[Supplied entries]

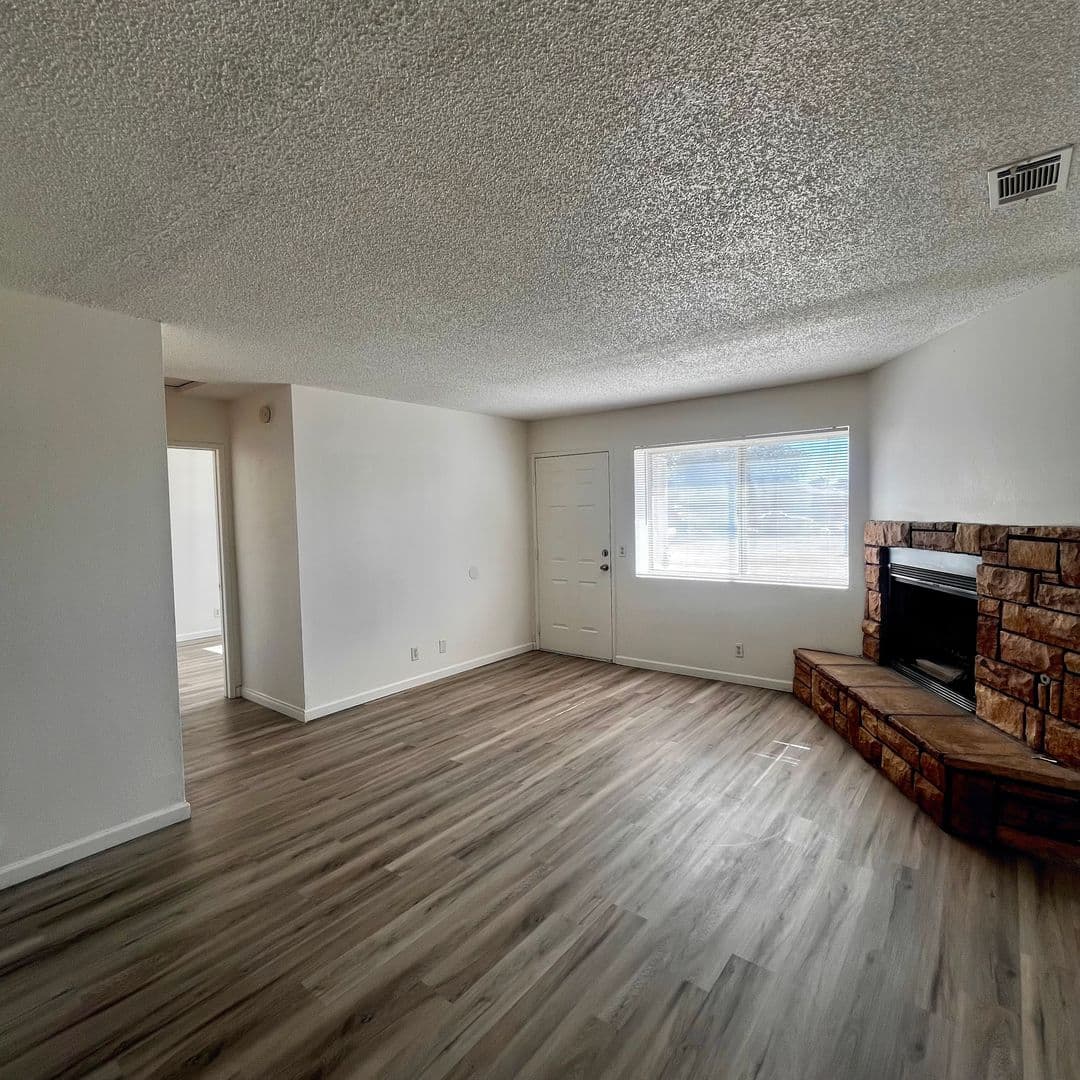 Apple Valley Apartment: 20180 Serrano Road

* * *

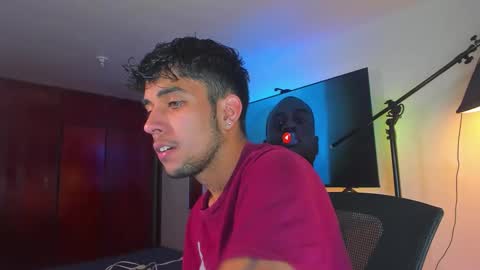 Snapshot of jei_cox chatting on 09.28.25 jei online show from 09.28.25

==

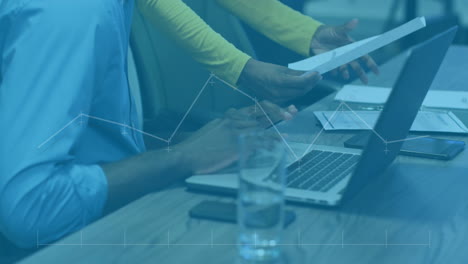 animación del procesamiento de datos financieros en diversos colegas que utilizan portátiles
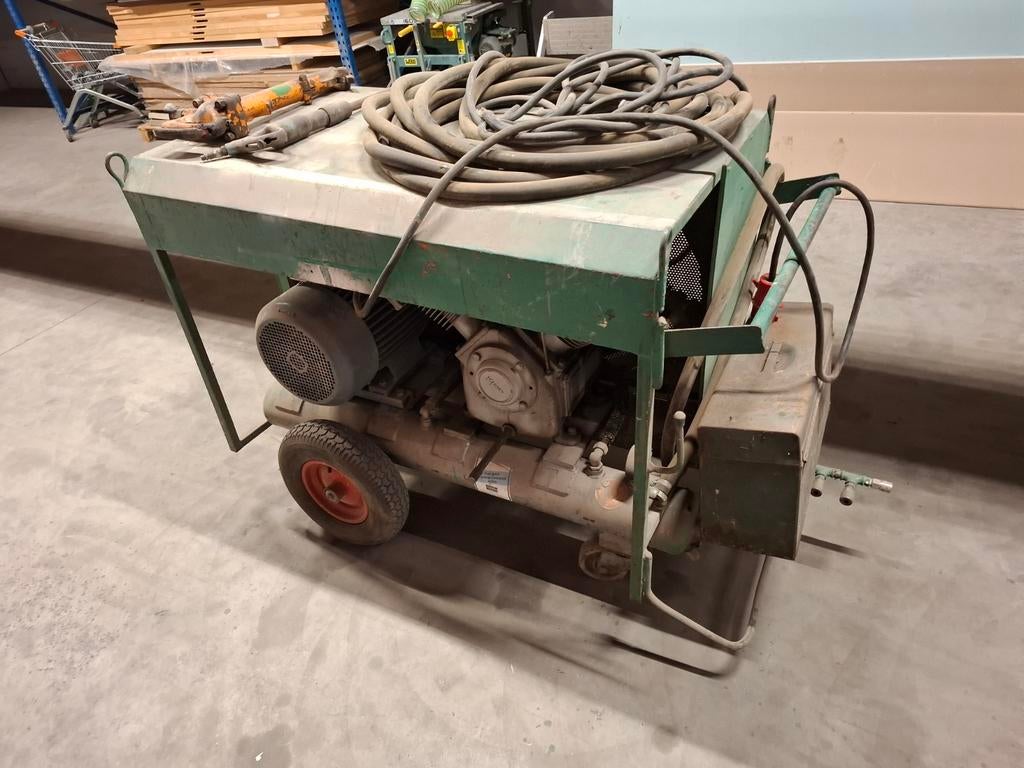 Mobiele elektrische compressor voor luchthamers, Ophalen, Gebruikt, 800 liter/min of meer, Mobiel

[What is required] Starting with the line above that holds "animación del procesamiento", restate each line word for word up to and including the line that holds "Mobiele elektrische compressor". Drop the pictures.

[Response below]
 animación del procesamiento de datos financieros en diversos colegas que utilizan portátiles
 Mobiele elektrische compressor voor luchthamers, Ophalen, Gebruikt, 800 liter/min of meer, Mobiel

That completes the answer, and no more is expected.